-- Record extracts follows --
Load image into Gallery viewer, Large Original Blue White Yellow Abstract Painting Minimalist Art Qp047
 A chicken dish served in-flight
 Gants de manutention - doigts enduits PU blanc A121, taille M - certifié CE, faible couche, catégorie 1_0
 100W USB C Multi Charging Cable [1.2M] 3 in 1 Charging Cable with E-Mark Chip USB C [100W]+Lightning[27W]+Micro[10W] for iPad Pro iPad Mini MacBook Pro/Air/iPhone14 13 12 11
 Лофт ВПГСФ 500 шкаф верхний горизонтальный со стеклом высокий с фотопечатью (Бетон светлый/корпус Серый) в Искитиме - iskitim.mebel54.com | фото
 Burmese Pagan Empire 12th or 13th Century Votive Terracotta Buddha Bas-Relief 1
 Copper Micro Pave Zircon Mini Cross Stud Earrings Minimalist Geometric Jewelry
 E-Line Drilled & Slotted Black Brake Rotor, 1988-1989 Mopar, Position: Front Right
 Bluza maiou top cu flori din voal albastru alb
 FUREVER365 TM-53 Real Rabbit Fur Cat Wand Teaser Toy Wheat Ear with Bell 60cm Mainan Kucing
-- Record extracts concluded --
## [How to complete this task]
Take the line that contains "Лофт ВПГСФ 500" and each line after it through the end of the records, and repeat them all exactly. Nothing else.

## [Result of the exercise]
 Лофт ВПГСФ 500 шкаф верхний горизонтальный со стеклом высокий с фотопечатью (Бетон светлый/корпус Серый) в Искитиме - iskitim.mebel54.com | фото
 Burmese Pagan Empire 12th or 13th Century Votive Terracotta Buddha Bas-Relief 1
 Copper Micro Pave Zircon Mini Cross Stud Earrings Minimalist Geometric Jewelry
 E-Line Drilled & Slotted Black Brake Rotor, 1988-1989 Mopar, Position: Front Right
 Bluza maiou top cu flori din voal albastru alb
 FUREVER365 TM-53 Real Rabbit Fur Cat Wand Teaser Toy Wheat Ear with Bell 60cm Mainan Kucing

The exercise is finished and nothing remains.